Nothing in the records may be left out; restate them word for word.
───── RECORDS PROVIDED
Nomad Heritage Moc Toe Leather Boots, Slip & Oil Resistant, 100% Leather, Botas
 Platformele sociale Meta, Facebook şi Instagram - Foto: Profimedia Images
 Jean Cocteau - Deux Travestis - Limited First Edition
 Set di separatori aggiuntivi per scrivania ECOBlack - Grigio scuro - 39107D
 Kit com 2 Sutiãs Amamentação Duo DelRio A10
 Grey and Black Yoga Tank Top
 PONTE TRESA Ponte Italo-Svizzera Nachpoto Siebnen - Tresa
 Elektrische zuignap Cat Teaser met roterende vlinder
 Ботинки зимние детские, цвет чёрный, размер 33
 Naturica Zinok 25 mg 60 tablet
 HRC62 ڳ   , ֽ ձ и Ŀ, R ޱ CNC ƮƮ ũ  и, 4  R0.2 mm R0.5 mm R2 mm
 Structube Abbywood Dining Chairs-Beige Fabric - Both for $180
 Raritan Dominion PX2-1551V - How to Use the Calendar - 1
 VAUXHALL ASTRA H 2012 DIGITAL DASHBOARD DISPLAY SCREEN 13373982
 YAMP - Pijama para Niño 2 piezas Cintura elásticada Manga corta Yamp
──────────
**TASK OUTPUT**
Nomad Heritage Moc Toe Leather Boots, Slip & Oil Resistant, 100% Leather, Botas
 Platformele sociale Meta, Facebook şi Instagram - Foto: Profimedia Images
 Jean Cocteau - Deux Travestis - Limited First Edition
 Set di separatori aggiuntivi per scrivania ECOBlack - Grigio scuro - 39107D
 Kit com 2 Sutiãs Amamentação Duo DelRio A10
 Grey and Black Yoga Tank Top
 PONTE TRESA Ponte Italo-Svizzera Nachpoto Siebnen - Tresa
 Elektrische zuignap Cat Teaser met roterende vlinder
 Ботинки зимние детские, цвет чёрный, размер 33
 Naturica Zinok 25 mg 60 tablet
 HRC62 ڳ   , ֽ ձ и Ŀ, R ޱ CNC ƮƮ ũ  и, 4  R0.2 mm R0.5 mm R2 mm
 Structube Abbywood Dining Chairs-Beige Fabric - Both for $180
 Raritan Dominion PX2-1551V - How to Use the Calendar - 1
 VAUXHALL ASTRA H 2012 DIGITAL DASHBOARD DISPLAY SCREEN 13373982
 YAMP - Pijama para Niño 2 piezas Cintura elásticada Manga corta Yamp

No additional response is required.